Class DataLoaders
Static factory class for creating data loaders with beginner-friendly methods.
public static class DataLoaders
- Inheritance
-
DataLoaders
- Inherited Members
Remarks
DataLoaders provides the easiest way to create data loaders for common scenarios. It follows a factory pattern with static methods that handle type inference and common configurations automatically.
For Beginners: This is your starting point for loading data into AiDotNet! Choose the method that matches your data format:
Common Patterns:
// From arrays (simplest for small datasets)
var loader = DataLoaders.FromArrays(features, labels);
// From Matrix and Vector (most common for ML)
var loader = DataLoaders.FromMatrixVector(featureMatrix, labelVector);
// From Tensors (for deep learning)
var loader = DataLoaders.FromTensors(inputTensor, outputTensor);
All loaders support:
- Batching:
loader.BatchSize = 32; - Shuffling:
loader.Shuffle(); - Splitting:
var (train, val, test) = loader.Split();
Methods
Empty<T>()
Creates an empty data loader placeholder (useful for meta-learning or custom scenarios).
public static InMemoryDataLoader<T, Matrix<T>, Vector<T>> Empty<T>()
Returns
- InMemoryDataLoader<T, Matrix<T>, Vector<T>>
A data loader with empty data.
Type Parameters
TThe numeric type (float, double, etc.).
Remarks
For Beginners: You typically won't need this method. It's used for advanced scenarios where data is loaded dynamically or for meta-learning tasks that don't use traditional supervised learning data.
FromArrays<T>(T[,], T[])
Creates a data loader from 2D feature array and 1D label array.
public static InMemoryDataLoader<T, Matrix<T>, Vector<T>> FromArrays<T>(T[,] features, T[] labels)
Parameters
featuresT[,]2D array where rows are samples and columns are features.
labelsT[]1D array of labels, one per sample.
Returns
- InMemoryDataLoader<T, Matrix<T>, Vector<T>>
A configured InMemoryDataLoader ready for training.
Type Parameters
TThe numeric type (float, double, etc.).
Remarks
For Beginners: This is the simplest way to load tabular data.
Example - Predicting House Prices:
// Features: [sqft, bedrooms, bathrooms]
double[,] features = new double[,] {
{ 1500, 3, 2 },
{ 2000, 4, 3 },
{ 1200, 2, 1 }
};
// Labels: price
double[] labels = { 300000, 450000, 250000 };
var loader = DataLoaders.FromArrays(features, labels);
Exceptions
- ArgumentNullException
Thrown when features or labels is null.
- ArgumentException
Thrown when dimensions don't match.
FromArrays<T>(T[], T[])
Creates a data loader from 1D feature array (single feature) and 1D label array.

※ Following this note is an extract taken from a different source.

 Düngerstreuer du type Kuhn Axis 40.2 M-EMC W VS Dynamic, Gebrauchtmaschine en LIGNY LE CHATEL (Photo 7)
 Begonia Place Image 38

public static InMemoryDataLoader<T, Matrix<T>, Vector<T>> FromArrays<T>(T[] features, T[] labels)
Parameters
featuresT[]1D array of single feature values.
labelsT[]1D array of labels, one per sample.
Returns
- InMemoryDataLoader<T, Matrix<T>, Vector<T>>
A configured InMemoryDataLoader ready for training.
Type Parameters
TThe numeric type (float, double, etc.).
Remarks
For Beginners: Use this for simple regression with one input variable.

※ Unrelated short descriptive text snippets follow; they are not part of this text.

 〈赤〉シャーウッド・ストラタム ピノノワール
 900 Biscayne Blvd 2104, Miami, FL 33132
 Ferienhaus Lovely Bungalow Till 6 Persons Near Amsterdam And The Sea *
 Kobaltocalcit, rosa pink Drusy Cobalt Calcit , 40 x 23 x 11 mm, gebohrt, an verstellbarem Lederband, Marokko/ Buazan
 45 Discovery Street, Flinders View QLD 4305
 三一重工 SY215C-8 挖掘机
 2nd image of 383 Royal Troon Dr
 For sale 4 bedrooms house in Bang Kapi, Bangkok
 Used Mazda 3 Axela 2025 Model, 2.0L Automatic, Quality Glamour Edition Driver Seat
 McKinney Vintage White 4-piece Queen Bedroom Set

Example - Simple Linear Regression:
// X: study hours
double[] features = { 1, 2, 3, 4, 5 };
// Y: test scores
double[] labels = { 50, 60, 70, 80, 90 };
var loader = DataLoaders.FromArrays(features, labels);
Exceptions
- ArgumentNullException
Thrown when features or labels is null.
- ArgumentException
Thrown when lengths don't match.
FromArrays<T>(T[][], T[])
Creates a data loader from jagged feature array and 1D label array.

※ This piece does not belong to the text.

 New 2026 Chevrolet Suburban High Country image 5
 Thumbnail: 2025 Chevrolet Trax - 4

public static InMemoryDataLoader<T, Matrix<T>, Vector<T>> FromArrays<T>(T[][] features, T[] labels)
Parameters
featuresT[][]Jagged array where each inner array is a sample's features.
labelsT[]1D array of labels, one per sample.
Returns
- InMemoryDataLoader<T, Matrix<T>, Vector<T>>
A configured InMemoryDataLoader ready for training.
Type Parameters
TThe numeric type (float, double, etc.).
Remarks
For Beginners: Use this when your data is in jagged array format.
Example:
double[][] features = {
new[] { 1.0, 2.0, 3.0 },
new[] { 4.0, 5.0, 6.0 },
new[] { 7.0, 8.0, 9.0 }
};
double[] labels = { 0, 1, 0 };
var loader = DataLoaders.FromArrays(features, labels);
Exceptions
- ArgumentNullException
Thrown when features or labels is null.
- ArgumentException
Thrown when dimensions don't match or arrays are inconsistent.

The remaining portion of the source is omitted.